Implementing and scaling digital solutions: “Developing a good digital solution can be complex and difficult. But getting customers or business users to adopt that solution as part of their day-to-day activities and then scaling that solution across the enterprise are often the biggest challenges.”

 

Concluding Thoughts

 

As businesses transform into digital enterprises, they shouldn’t forget a valuable lesson from past business successes: Successful businesses simultaneously focus on improving people, processes, and technology. Keeping those efforts in balance is important even in a new digital world. Business expert Channa North-Hoffstaed observes, “The traditional elements of people, process, technology, and data continue to be relevant to digital transformations. … One of the fundamentals of successful digital transformations is to focus on value and not on cost, often the end goal.
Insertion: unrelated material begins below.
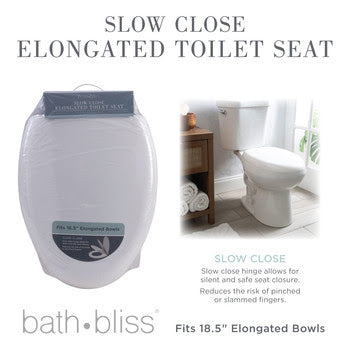 Toillet Seat Elongated -Slow Close -White -19inch.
Digital transformations are significant investments, and the long-term objectives must emphasize business outcomes. It is important for organizations to celebrate cost reduction but focusing on the value provided must be paramount.”[4]

 

Footnotes
[1] Staff, “7 tips to improve your company’s competitiveness,” Easy Communication & Technology, 27 may 2021.
[2] Eric Lamarre, Kate Smaje, and Rodney Zemmel, “Rewired to outcompete,” McKinsey & Company, 20 June 2023.
[3] Michael C. Mankins and Lori Sherer, “Creating value through advanced analytics,” Bain Brief, 11 February 2015.
[4] Channa North-Hoffstaed, “Stay on pace for success with a supply chain transformation plan,” Kinaxis Blog, 7 July 2021.